**Task directions**
Starting at the line that contains "Chic young woman", transcribe every remaining line of the data below exactly, and omit all pictures.

(Web page caption snippets)

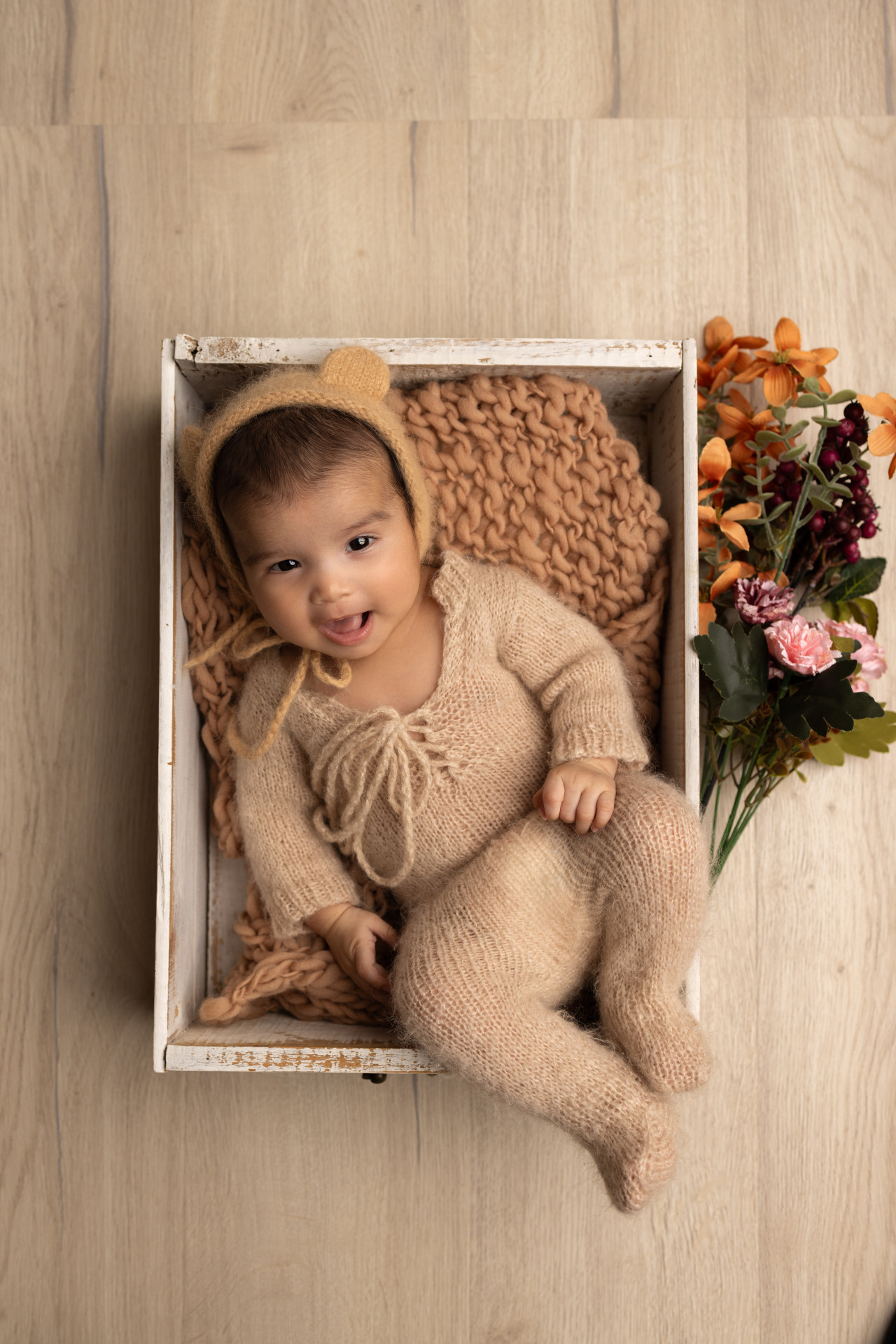 baby dressed in teddy outfit in the basket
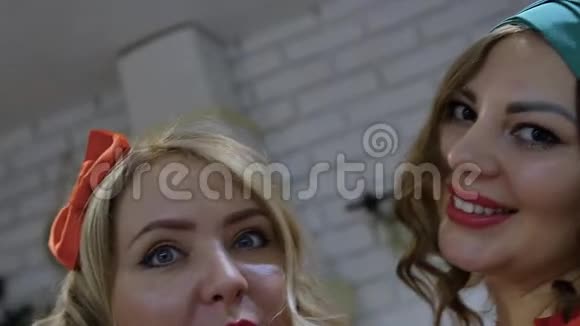 两个漂亮的女人穿着针式的衣服金发碧眼的黑发美女在智能手机上自拍视频的预览图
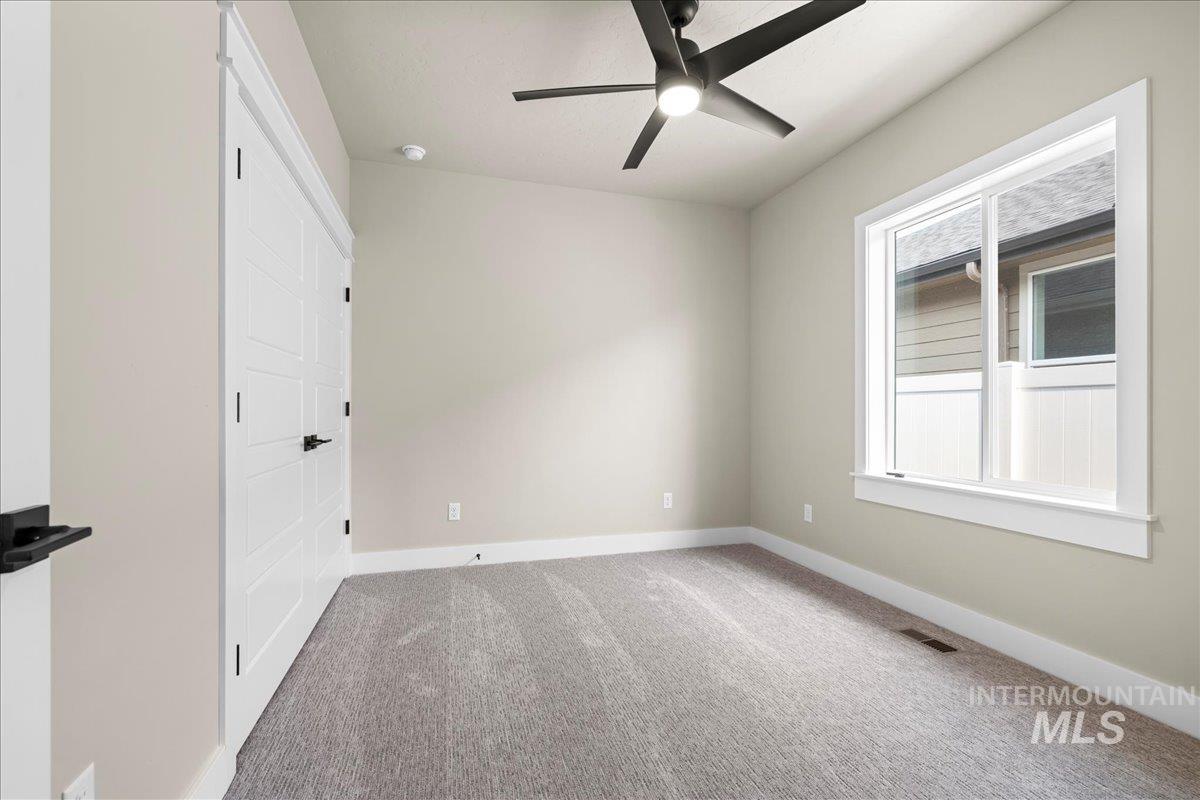 Unfurnished bedroom featuring carpet and a ceiling fan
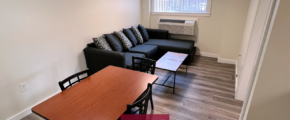 Living room with laminate flooring, dining table, coffee table, air conditioner, and sofa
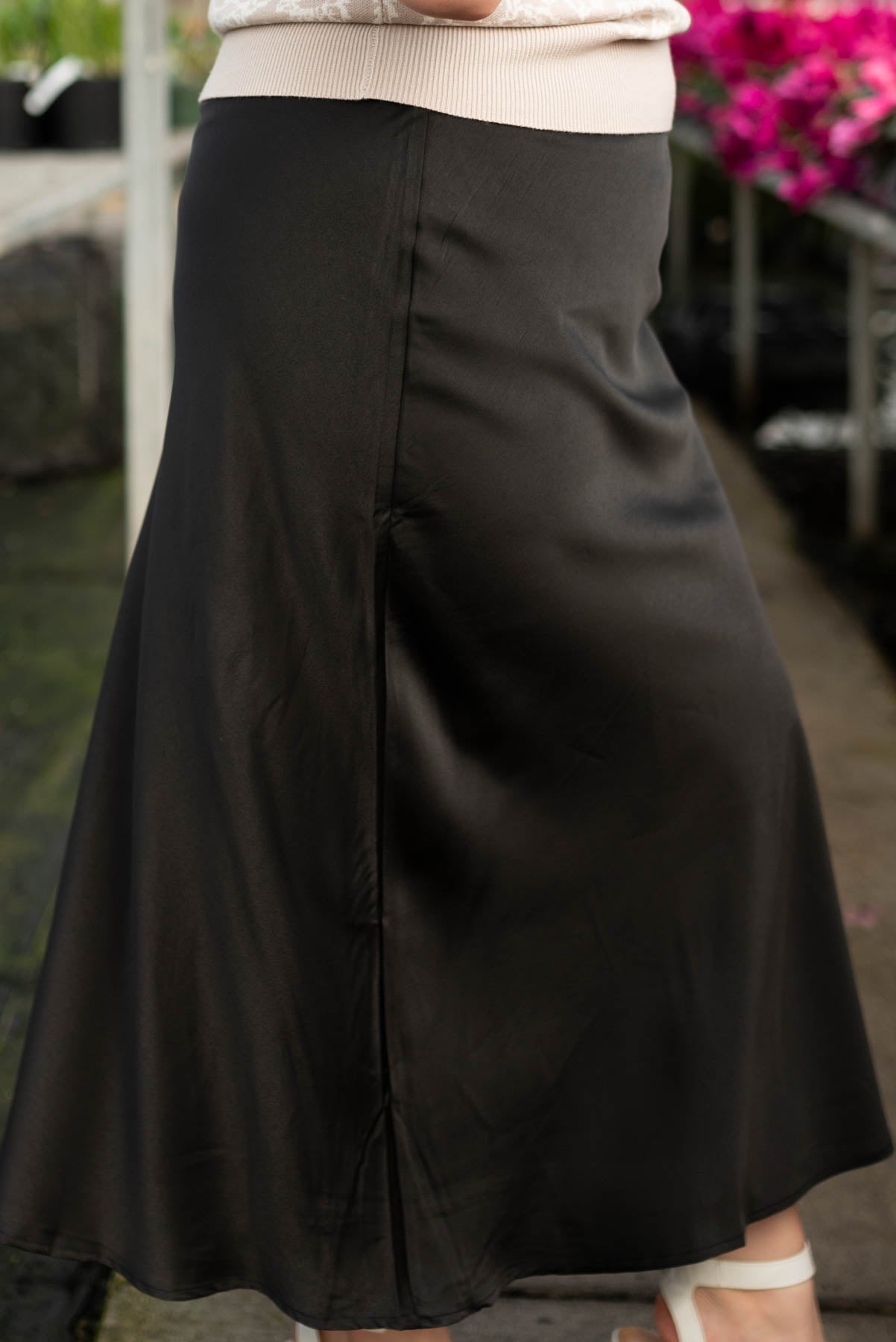Side view of the plus size black satin midi skirt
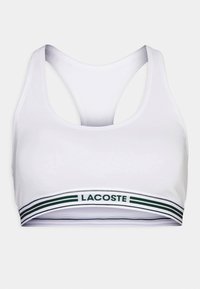 Biely športový podprsenka s pretekárskym strihom a zeleno-bielym pruhovaným pásom s logom "Lacoste". Hladká textúra látky.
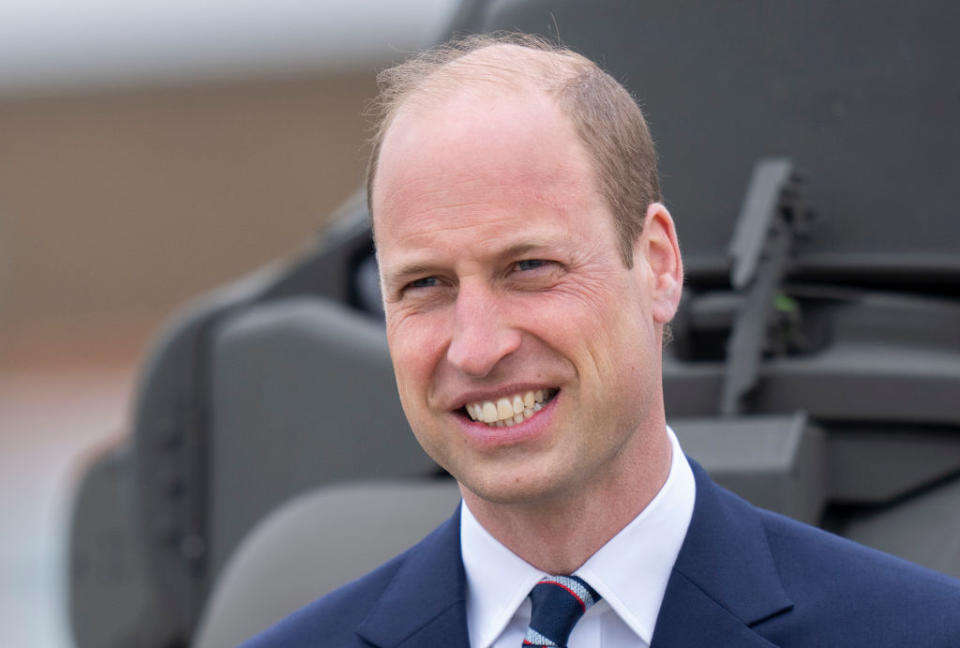 Prince William smiling, wearing a suit and tie, with a blurred background of what appears to be a military aircraft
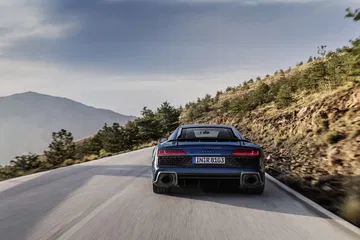 Vista trasera del Audi R8 dominando la carretera, destacando su diseño y escape.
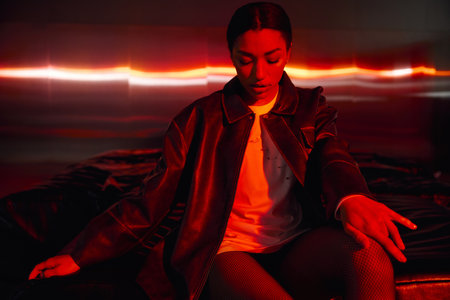 Chic young woman dressed in fashionable attire sits gracefully in a striking red lit environment.の写真素材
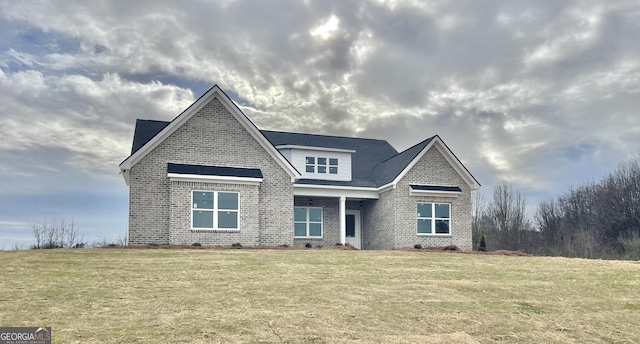 craftsman inspired home with brick siding and a front yard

**Output for this task**
 Chic young woman dressed in fashionable attire sits gracefully in a striking red lit environment.の写真素材
 craftsman inspired home with brick siding and a front yard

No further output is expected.